IIRC ASS subs allow for vertical positioning with the MarginV style tag. Would be nice if SubExtractor would translate the positions from VobSubs so credits do not overlap with subs.


How do I delete all trainings for a sub, wasn't it possible pre 1.0.21? When checking the finished sub, I realized several errors so I openend the original VobSub again (selecting 'previous step' was impossible since I'd already closed SubExtractor). So I reopened it to start the training on the whole sub but since all chars were already trained, it was zapping through all items without me being able to interrupt this. And when it finished I also could not select to redo the training for the complete sub. Please put this feature back in. Thx.
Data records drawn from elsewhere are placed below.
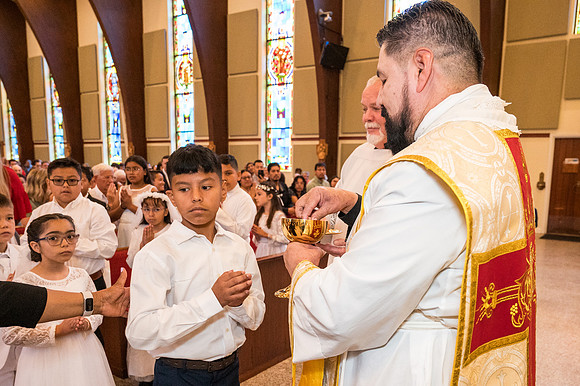 St Peter First Communion May 4 0039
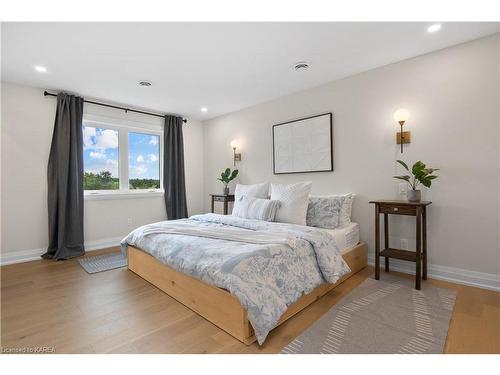 3933 County Rd 9, Napanee, ON - Indoor Photo Showing Bedroom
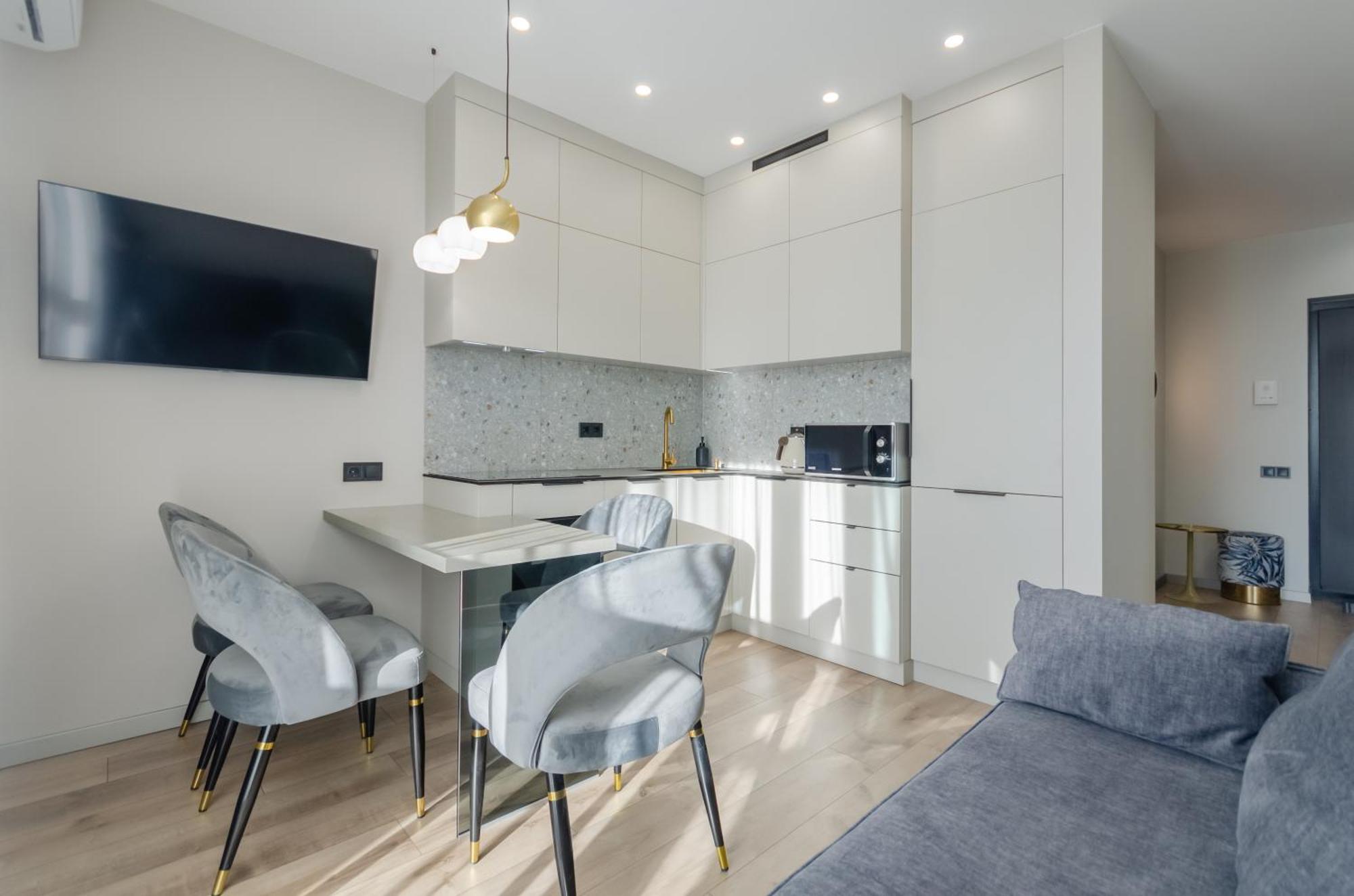 Petrovdom 85-141-122-38 Apartments In The Rc "French Quarter" Киев Екстериор снимка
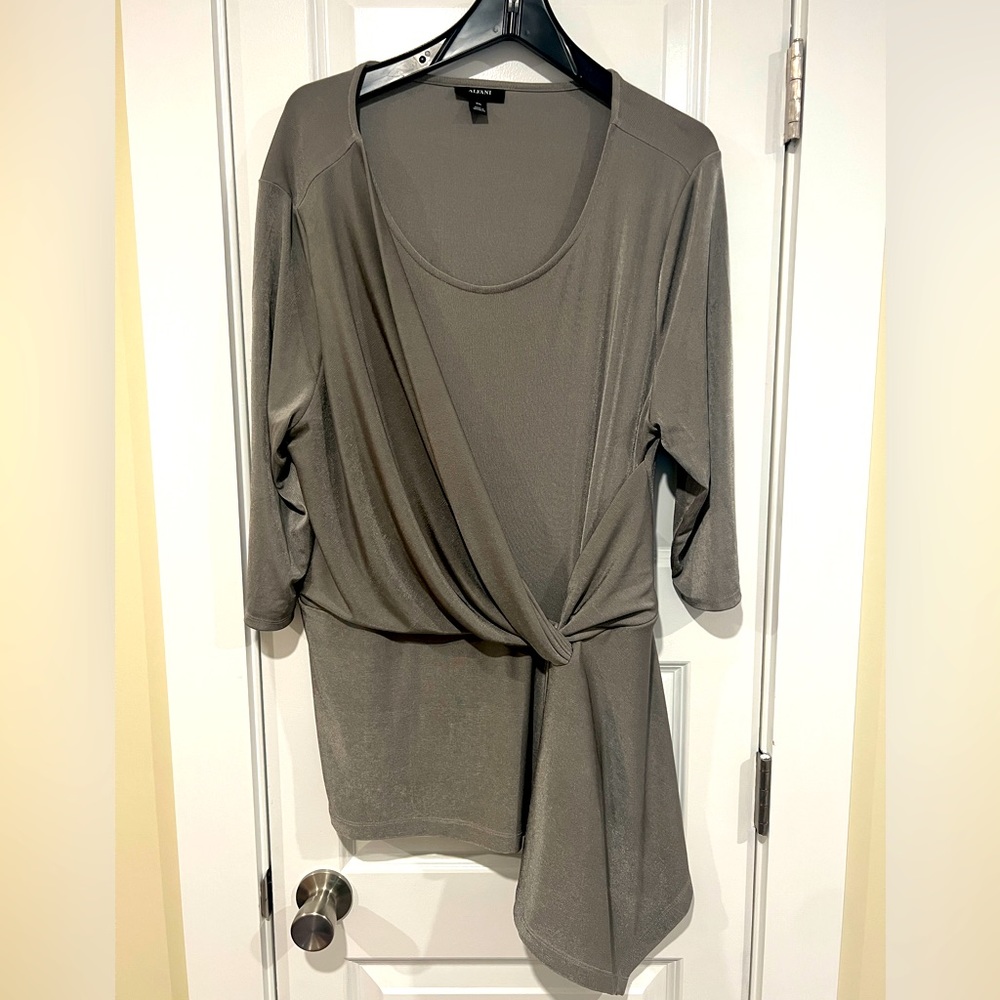 Alfani women’s XXL silver metallic gathered holiday party shirt top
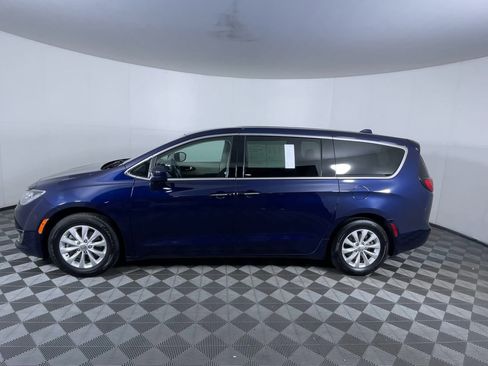 Used 2019 Chrysler Pacifica Touring Plus image 5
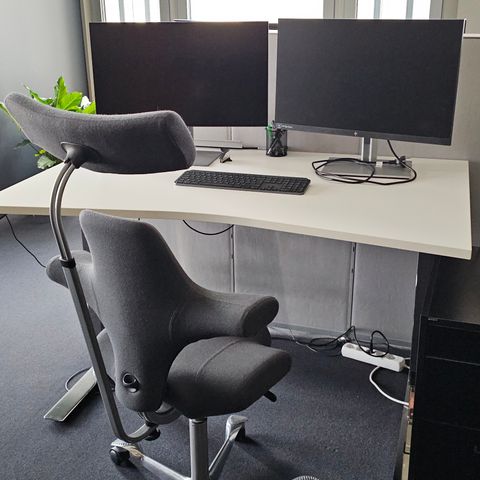 Kontorinventar skrivebord med hev og senk, hvit - 12 stk 27" HP skjermer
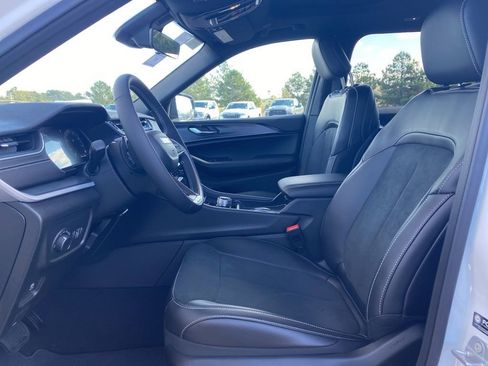 New 2025 Jeep Grand Cherokee Altitude image 12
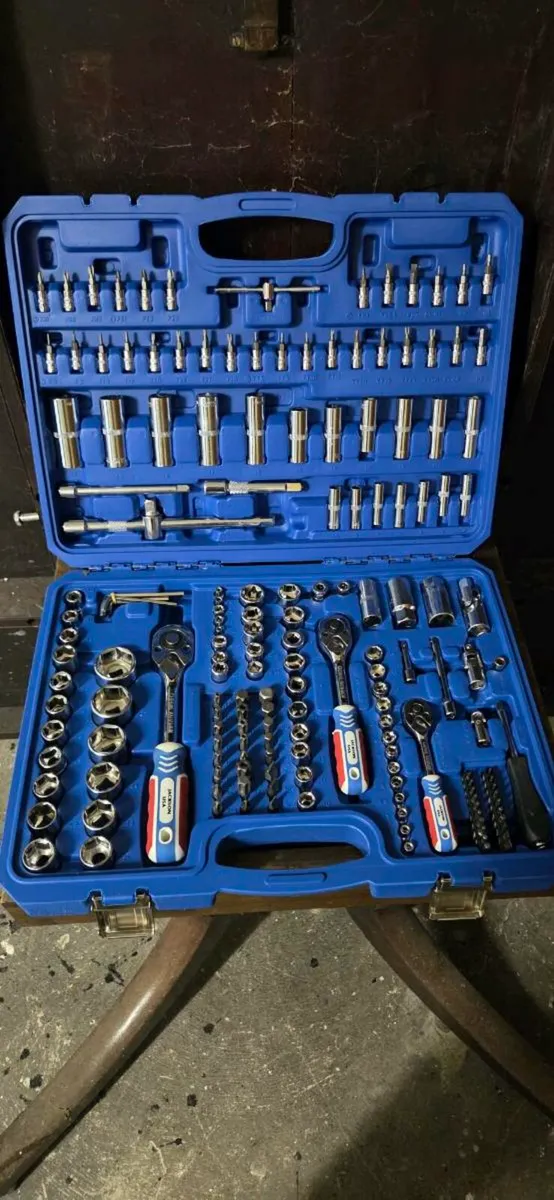 BIG BIG BIG SET OF socket brand - Image 3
In case you need someone to do the German translation of the GUI, count me in.

Thunderbolt8
4th December 2011, 17:47
maybe only using the left alt key could already do it

Tappen
5th December 2011, 21:36
Some more observations on 1.0.2.1c:

To enter [ and ] on a German keyboard you gotta press ALTGr (which is right of the space bar) plus 8, 9 respectively. This of course interferes with ALT for toggling italics. How about using space bar as the toggle instead?


When reviewing and correcting OCR Matches I see all chars listed, but not [ or ], despite me having entered them in this particular session.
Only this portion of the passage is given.